Pilots vs MVPs
Part of our goal, or mission, at AICE Labs is to prevent promising AI initiatives from languishing in “proof of concept” purgatory, where a nice demo in a local test environment gets dumped and never makes it to production. One way to save a project from this fate would be to immediately jump into a heavyweight solution with full integration into the final environment. But that risks going too far in the opposite direction. What’s the secret sauce for bridging the contrasting needs? On the one hand, we want to follow good development practices and get to an end-to-end integrated solution as quickly as possible. On the other hand, if you don’t yet know how to tackle a given problem at all, any work on integration is prone to change at best and a complete waste at worst. What’s more, full estimation of the integrated project often requires that the approach is known. After all, if a given problem can be solved with a simple wrapper around GPT or Claude, that’s on a totally different scale than if custom training, finetuning, or intricate agentic workflows are required.
Here’s our (current and evolving) thinking about this:
Any project where you are not 100% sure you already know which AI technology you’ll be using needs to start with a pilot phase
In that pilot phase, do not worry one bit about integration.
Where does data come from? From an excel sheet or CSV file, manually exported
Where does the code run? On your laptop
What about data security? Don’t worry about it. Ask for the data to be de-identified and scrubbed so that it’s not an issue.
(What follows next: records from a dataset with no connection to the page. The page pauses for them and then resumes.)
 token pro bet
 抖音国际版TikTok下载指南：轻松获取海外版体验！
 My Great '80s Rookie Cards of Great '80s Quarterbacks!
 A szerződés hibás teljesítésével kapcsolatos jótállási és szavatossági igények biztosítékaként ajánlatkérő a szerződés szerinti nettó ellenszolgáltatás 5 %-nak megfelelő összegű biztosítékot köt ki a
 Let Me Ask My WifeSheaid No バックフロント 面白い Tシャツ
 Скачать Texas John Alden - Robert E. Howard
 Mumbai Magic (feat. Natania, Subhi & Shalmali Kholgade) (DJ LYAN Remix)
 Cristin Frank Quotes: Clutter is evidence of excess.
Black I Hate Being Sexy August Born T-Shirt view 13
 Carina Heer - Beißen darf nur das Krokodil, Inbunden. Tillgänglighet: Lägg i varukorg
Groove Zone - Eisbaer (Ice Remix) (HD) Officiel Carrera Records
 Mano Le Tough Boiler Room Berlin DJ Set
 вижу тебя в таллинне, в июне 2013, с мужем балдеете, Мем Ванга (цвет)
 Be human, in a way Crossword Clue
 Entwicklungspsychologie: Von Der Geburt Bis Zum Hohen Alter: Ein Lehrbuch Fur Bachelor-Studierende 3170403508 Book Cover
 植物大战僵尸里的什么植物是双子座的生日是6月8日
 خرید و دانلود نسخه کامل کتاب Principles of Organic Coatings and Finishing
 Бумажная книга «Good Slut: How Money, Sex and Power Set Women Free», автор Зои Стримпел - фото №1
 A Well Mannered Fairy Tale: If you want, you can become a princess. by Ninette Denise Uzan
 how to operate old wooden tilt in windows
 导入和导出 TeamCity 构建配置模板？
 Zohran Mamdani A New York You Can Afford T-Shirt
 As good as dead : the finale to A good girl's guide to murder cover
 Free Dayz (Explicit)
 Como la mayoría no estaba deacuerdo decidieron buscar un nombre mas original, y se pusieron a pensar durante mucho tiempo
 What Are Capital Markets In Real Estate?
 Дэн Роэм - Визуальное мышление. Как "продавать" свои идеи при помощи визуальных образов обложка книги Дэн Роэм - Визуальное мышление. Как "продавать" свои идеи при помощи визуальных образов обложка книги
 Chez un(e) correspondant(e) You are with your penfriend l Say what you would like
Don’t aim for perfection, aim for a de-risked decision: This is how we’ll go and build the real thing
Be vigilant about dead ends and stay away from things that only work because you’re in that limited, simplified environment. Security is a good example here. Just because we are not worried about it in the pilot phase doesn’t mean we can explore solutions that would be inherently insecure. “We found a great solution, 99% accurate and blazing fast and you only need to send all your sensitive data to a third party in a sketchy country.” ;)
For the real thing, do start working on end-to-end integrations from day 1. Now that you’ve verified the initial approach, building the whole system in parallel ensures there won’t be nasty surprises about integration issues three days before launch.
The outcome of the pilot phase is decidedly not an MVP. It’s research and prototyping to ensure that whatever you build next is actually viable.